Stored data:

——

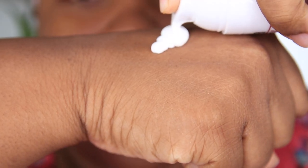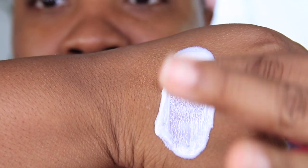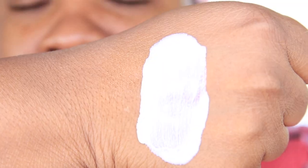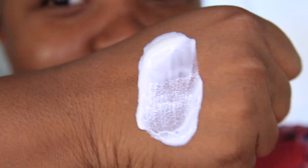Here is the product. I'm doing one pump, then we're going to swatch it. That is what the product looks like. Let me turn the light down. What do you guys think? It's giving me real purple tees, real purple vibes.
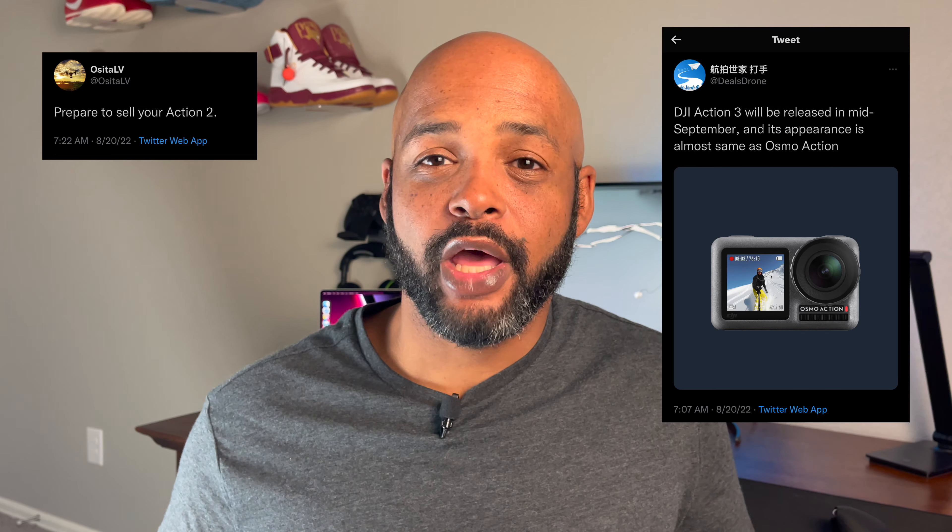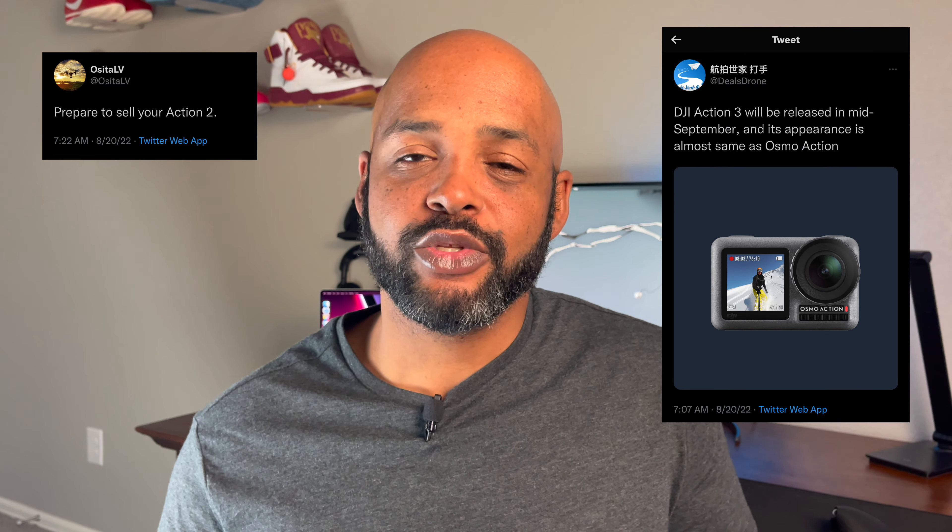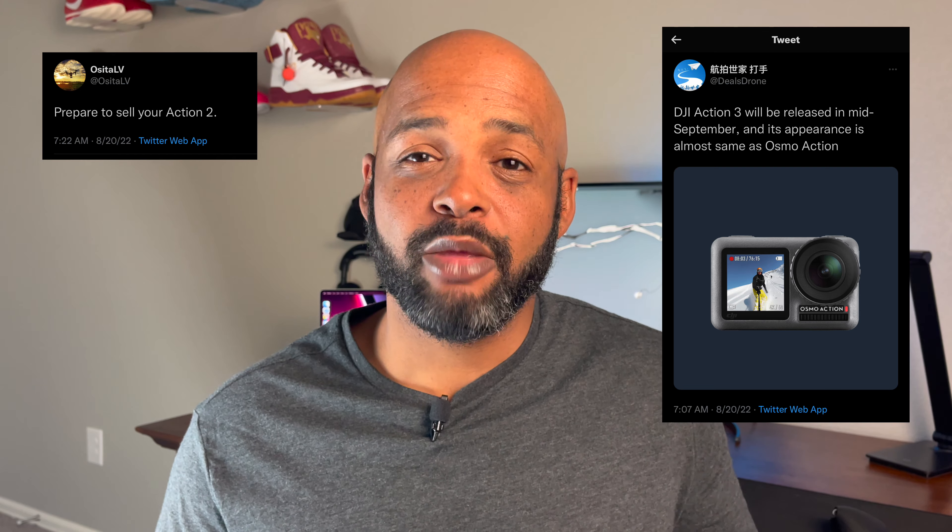A few weeks ago, two reliable sources tweeted that DJI was going to release the Action 3 in mid-September of this year. And not only that, they're going to go back to the body design of the Osmo Action. Now the same sources have tweeted a picture of the Action 3. Is it going to be similar to the Osmo Action, close to the DJI Action 2, or something completely different?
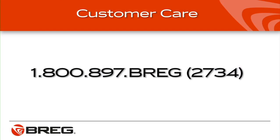If you have general questions about your Slingshot 3 brace, call Breg Customer Care at 1-800-897-BREG. That's B-R-E-G or 2734.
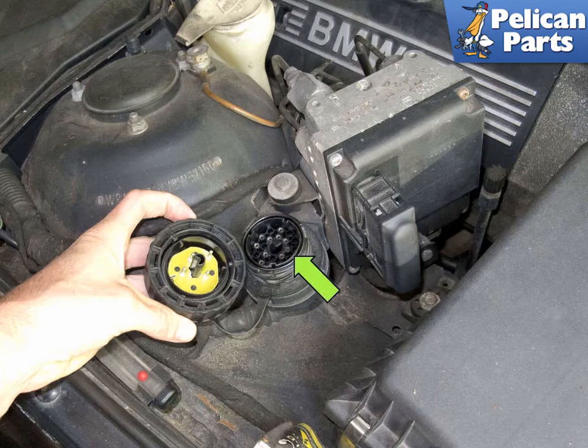Working at the right side of the engine compartment, unscrew the 20-pin BMW connector lid (green arrow).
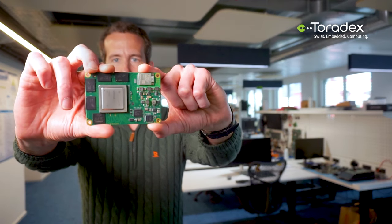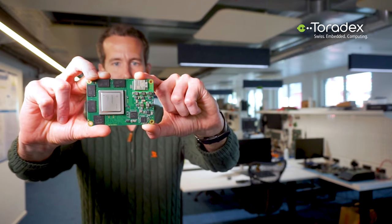Let me use the opportunity and show you our Aquila AM69 SOM here. As the name suggests, this is based on the Texas Instruments AM69 system-on-chip, and it differentiates itself from other offerings with its strong industrial focus, very high CPU and AI performance, making it an ideal solution for AI workloads and various machine learning and vision applications. Needless to mention, it comes with the usual hardware and software maintenance and Linux operating system support you are used to.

——

_WHAT YOU WILL DO_
Your task is to reproduce the entries above word for word, from the first line through the line with "Working at the", and please leave out any pictures.

_EXERCISE OUTPUT_
Here is the product. I'm doing one pump, then we're going to swatch it. That is what the product looks like. Let me turn the light down. What do you guys think? It's giving me real purple tees, real purple vibes.
A few weeks ago, two reliable sources tweeted that DJI was going to release the Action 3 in mid-September of this year. And not only that, they're going to go back to the body design of the Osmo Action. Now the same sources have tweeted a picture of the Action 3. Is it going to be similar to the Osmo Action, close to the DJI Action 2, or something completely different?
If you have general questions about your Slingshot 3 brace, call Breg Customer Care at 1-800-897-BREG. That's B-R-E-G or 2734.
Working at the right side of the engine compartment, unscrew the 20-pin BMW connector lid (green arrow).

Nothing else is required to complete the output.